When in 1934, Robert Bleichsteiner published the Caucasian language specimina contained in the “travel book” of the 17th century Turkish writer Evliya Çelebi1, he was struck by the amount of reliability he found in Evliya's notations: “(Die Sprachproben) sind, von einzelnen Mißverständnissen abgesehen, und wenn man die falschen Punktierungen und Irrtümer der Kopisten abrechnet, außerordentlich gut, ja zuweilen mit einem gewissen phonetischen Geschick wiedergegeben, was der Auffassungsgabe und dem Eifer Evliyas ein hohes Zeugnis ausstellt. Man muß bedenken, wie schwer das arabische Alphabet, ohne weitere Unterscheidungszeichen, wie sie die islamischen Kaukasusvölker anwenden, die verwickelten, oft über 70 verschiedene Phoneme umfassenden Lautsysteme wiederzugeben imstande ist. Wenn trotzdem die Entzifferung der Sprachproben zum größten Teil geglückt ist, so muß man der ungewöhnlichen Begabung des türkischen Reisenden und Gelehrten schrankenlose Bewunderung zollen” (85).

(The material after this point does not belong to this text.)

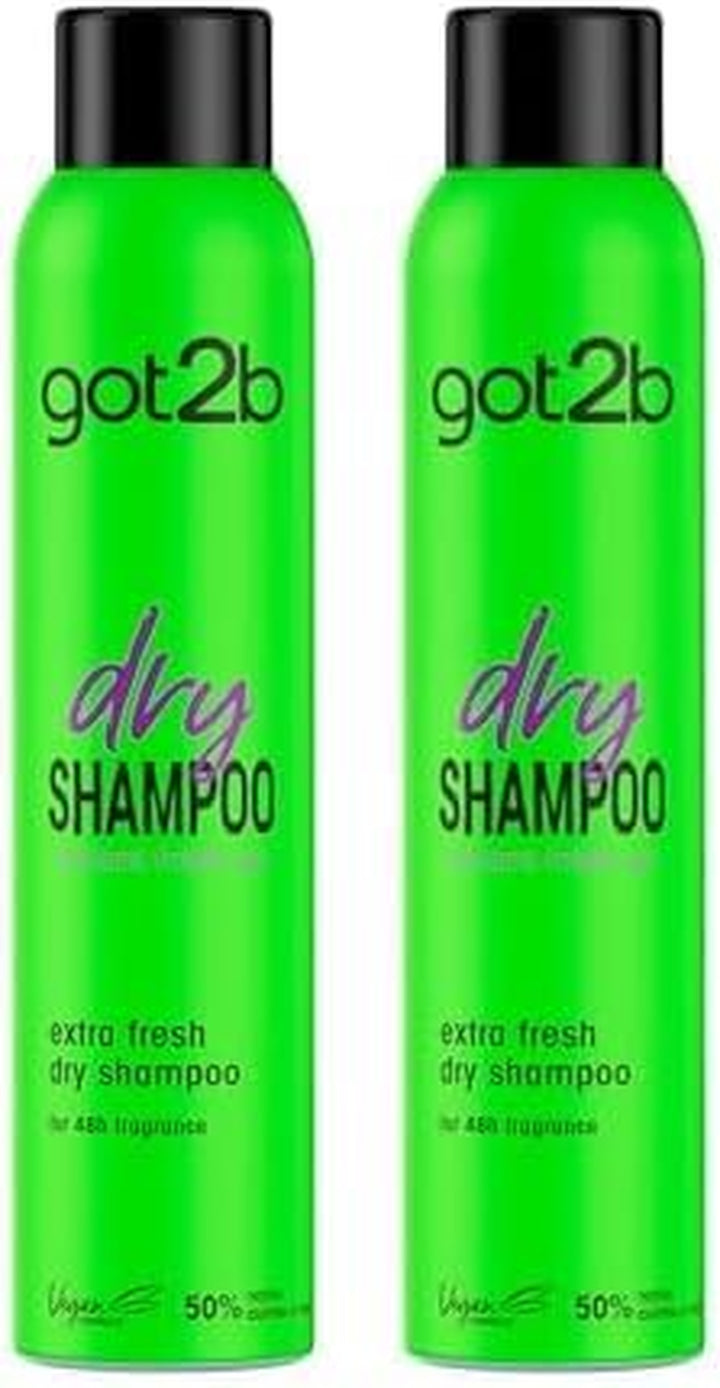 Dry Shampoo Instant Fresh up Extra Fresh 200 Ml, Cleans & Refreshes, Instant Fresh Up, for 48H Fragrance, Hair Dry Shampoo, Vegan Formula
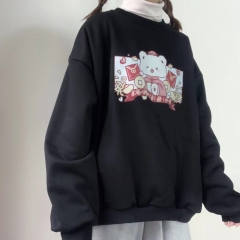 圆领卫衣2634 熊熊拜年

Bleichsteiner's judgment must be seen under the aspect that the material he had to rely upon was far from being apt for a thorough linguistic analysis: As is widely accepted today, neither the first edition (by Ahmet Cevdet), published in Istanbul between 1896 and 19012, nor Joseph von Hammer-Purgstall's translation, which had appeared half a century earlier3, offer a sufficient basis for detailed studies, both being based on late and incorrect manuscripts only. Now, however, we are in a happier position, since Evliya's original autograph has been identified in the so called Bağdat Köşkü series of Istanbul manuscripts4. On the basis of this autograph, a reconsideration of the Caucasian language material, which in the case of Abkhaz, Ubykh, Circassian, and Megrelian represents the oldest cohesive material available at all, suggests itself. Having Evliya's manuscript at hand, Bleichsteiner's judgment must, as we will see, not only be sustained but even reinforced. No longer having to face the “wrong punctuations and errors of the copyists”, we are in the position to elucidate quite a lot of problematical words and phrases in the language specimens of interest to us here. In addition, even some new material can be adduced.
In the following treatise, Evliya's Caucasian material is arranged in the order he himself presents it: It starts with Abkhaz (in Evliya's words: lisān-i ՙacīb u garīb-i Abāza, i.e. “the strange and peculiar language of the Abaza”; as is well known, Abkhaz was Evliya's mother's tongue) and Ubykh (lisān-i Ṣadşa-Abaza, “language of the Sadşa-Abaza”), both appearing in pag. 258b f. of manuscript Bağdat 304, within the second book of the Seyāhat-nāme. Later on in the same book, we find the Georgian (Şawşad Gürcileriniŋ lisānı, “the language of the Şawşat=Šavšeti – Georgians”) and the Megrelian (Megrel kavminiŋ lisānları, “the languages of the Megrel tribe”) specimen, on pag. 320a and 332b, respectively. The Circassian (lisān-i Çerākize-yi māmalūqa, “language of the Mamluk-Circassians”) specimen is contained in pag. 157b of the manuscript Bağdat 308 within the seventh book.